In the material below, find the line containing "Подпись: СОЦИАЛЬНАЯ ЗАЩИТА НАСЕЛЕНИЯ" and the line containing "Дополнительную помощь оказывает". Output those two lines and all lines between them exactly, without pictures.

- _Given data_
<<<<
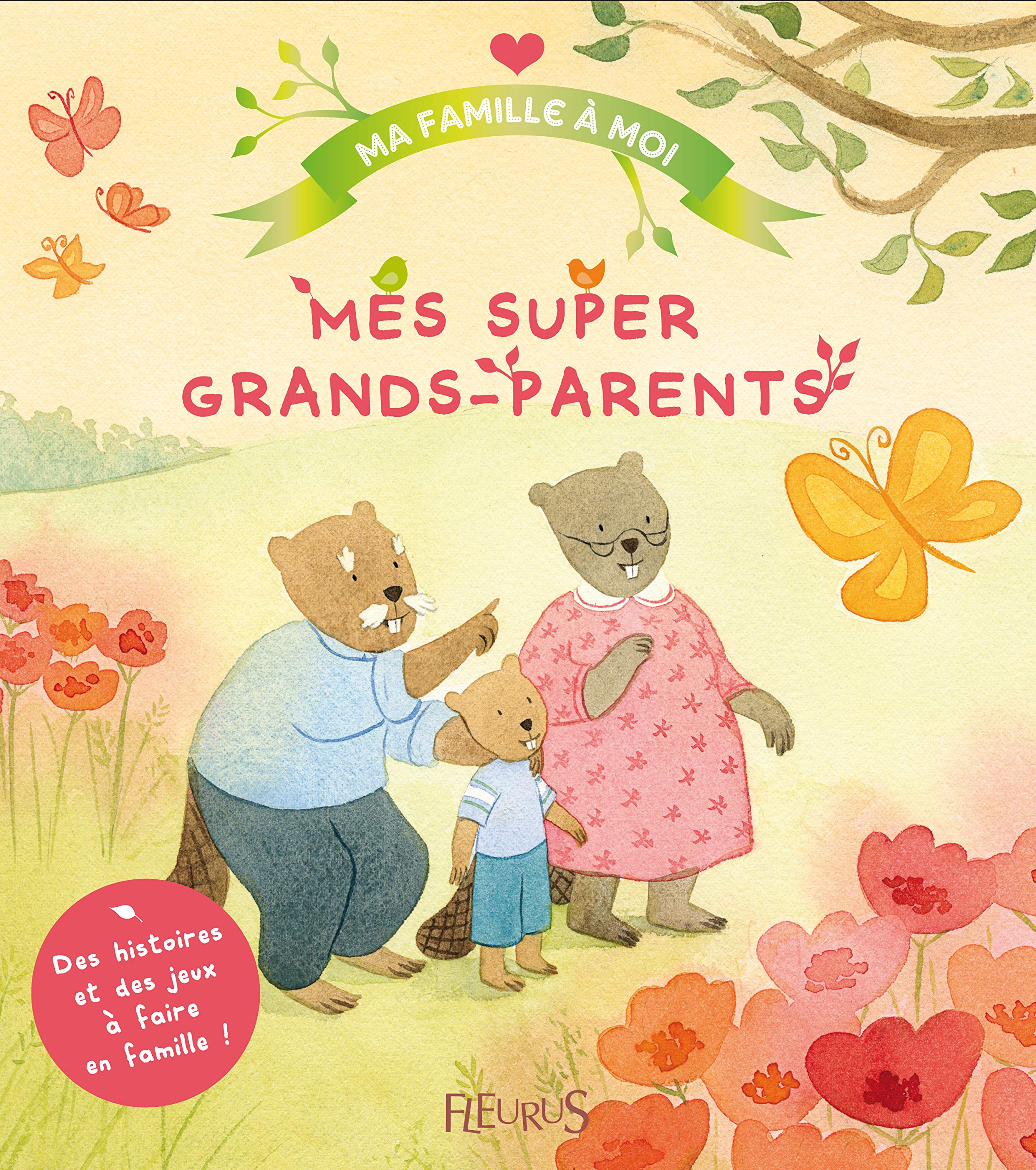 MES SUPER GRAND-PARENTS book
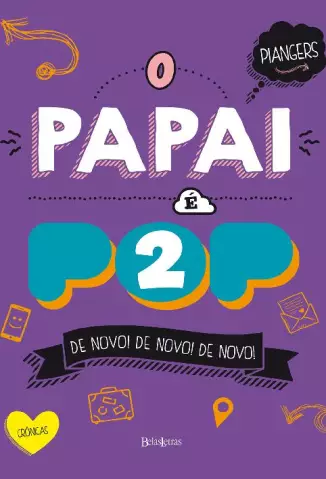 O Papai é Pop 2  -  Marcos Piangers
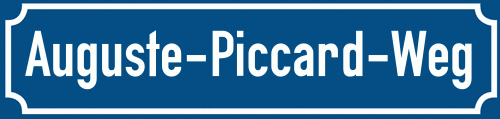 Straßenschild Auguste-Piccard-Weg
>>>>
<<<<
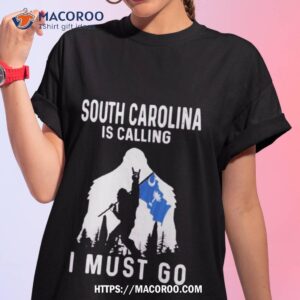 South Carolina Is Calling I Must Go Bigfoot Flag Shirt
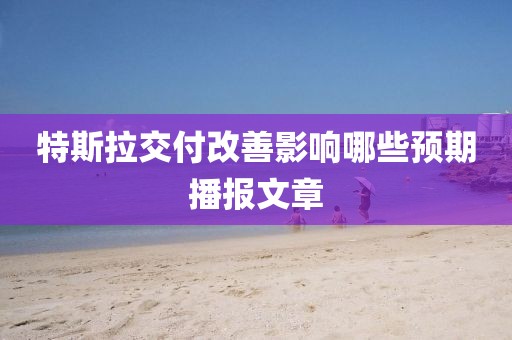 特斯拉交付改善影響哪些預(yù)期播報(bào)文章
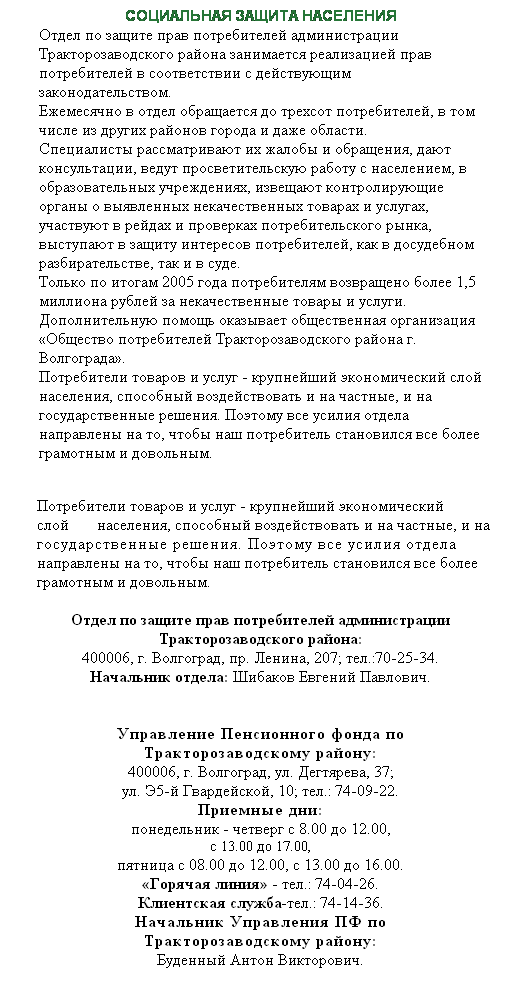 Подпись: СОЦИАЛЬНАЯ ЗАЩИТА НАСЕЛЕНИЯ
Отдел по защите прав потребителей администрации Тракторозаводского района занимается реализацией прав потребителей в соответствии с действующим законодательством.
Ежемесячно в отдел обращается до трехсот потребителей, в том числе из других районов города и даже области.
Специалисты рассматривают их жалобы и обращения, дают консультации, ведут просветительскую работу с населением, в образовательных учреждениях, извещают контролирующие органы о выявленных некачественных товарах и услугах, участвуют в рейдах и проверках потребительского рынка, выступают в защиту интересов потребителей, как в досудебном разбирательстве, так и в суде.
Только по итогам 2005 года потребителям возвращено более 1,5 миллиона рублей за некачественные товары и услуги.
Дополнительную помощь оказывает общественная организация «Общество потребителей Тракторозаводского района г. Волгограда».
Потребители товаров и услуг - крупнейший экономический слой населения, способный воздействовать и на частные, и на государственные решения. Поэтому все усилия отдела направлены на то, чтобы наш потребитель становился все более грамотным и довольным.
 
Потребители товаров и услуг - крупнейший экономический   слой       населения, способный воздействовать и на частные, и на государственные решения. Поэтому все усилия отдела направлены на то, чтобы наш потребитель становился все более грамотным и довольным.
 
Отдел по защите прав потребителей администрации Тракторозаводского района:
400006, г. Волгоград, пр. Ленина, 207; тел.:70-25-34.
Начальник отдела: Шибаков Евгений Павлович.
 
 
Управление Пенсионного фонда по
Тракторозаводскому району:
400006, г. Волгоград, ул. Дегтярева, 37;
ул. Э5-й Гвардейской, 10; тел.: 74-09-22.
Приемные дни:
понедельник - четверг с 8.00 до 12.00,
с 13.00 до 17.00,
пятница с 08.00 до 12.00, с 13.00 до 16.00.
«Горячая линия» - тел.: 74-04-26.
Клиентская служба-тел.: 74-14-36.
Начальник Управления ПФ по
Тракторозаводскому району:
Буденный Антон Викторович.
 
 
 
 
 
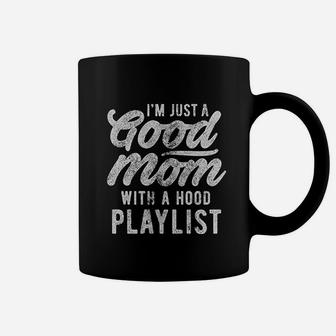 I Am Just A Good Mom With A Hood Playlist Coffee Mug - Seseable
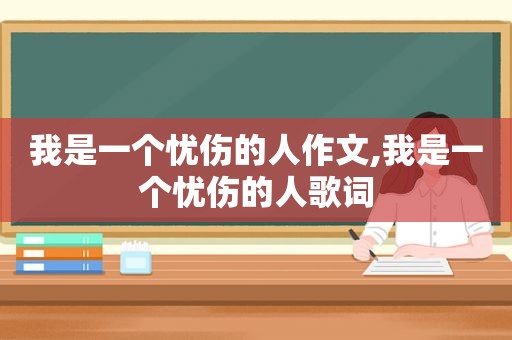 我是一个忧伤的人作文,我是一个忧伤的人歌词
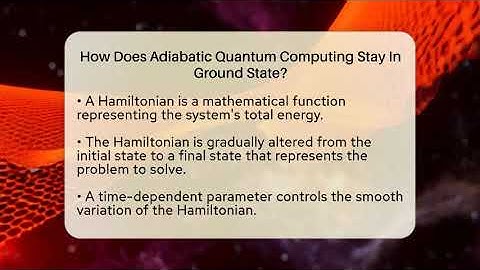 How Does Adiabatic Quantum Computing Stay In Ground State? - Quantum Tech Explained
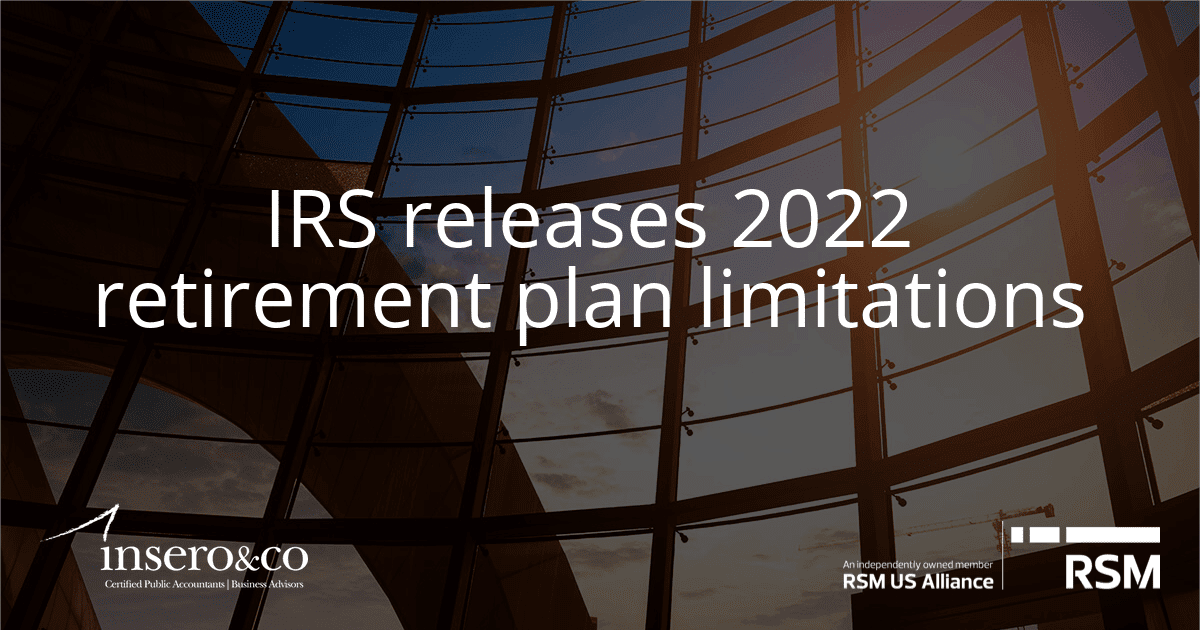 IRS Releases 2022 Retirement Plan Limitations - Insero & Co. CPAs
>>>>
- _Exercise output_
 Подпись: СОЦИАЛЬНАЯ ЗАЩИТА НАСЕЛЕНИЯ
Отдел по защите прав потребителей администрации Тракторозаводского района занимается реализацией прав потребителей в соответствии с действующим законодательством.
Ежемесячно в отдел обращается до трехсот потребителей, в том числе из других районов города и даже области.
Специалисты рассматривают их жалобы и обращения, дают консультации, ведут просветительскую работу с населением, в образовательных учреждениях, извещают контролирующие органы о выявленных некачественных товарах и услугах, участвуют в рейдах и проверках потребительского рынка, выступают в защиту интересов потребителей, как в досудебном разбирательстве, так и в суде.
Только по итогам 2005 года потребителям возвращено более 1,5 миллиона рублей за некачественные товары и услуги.
Дополнительную помощь оказывает общественная организация «Общество потребителей Тракторозаводского района г. Волгограда».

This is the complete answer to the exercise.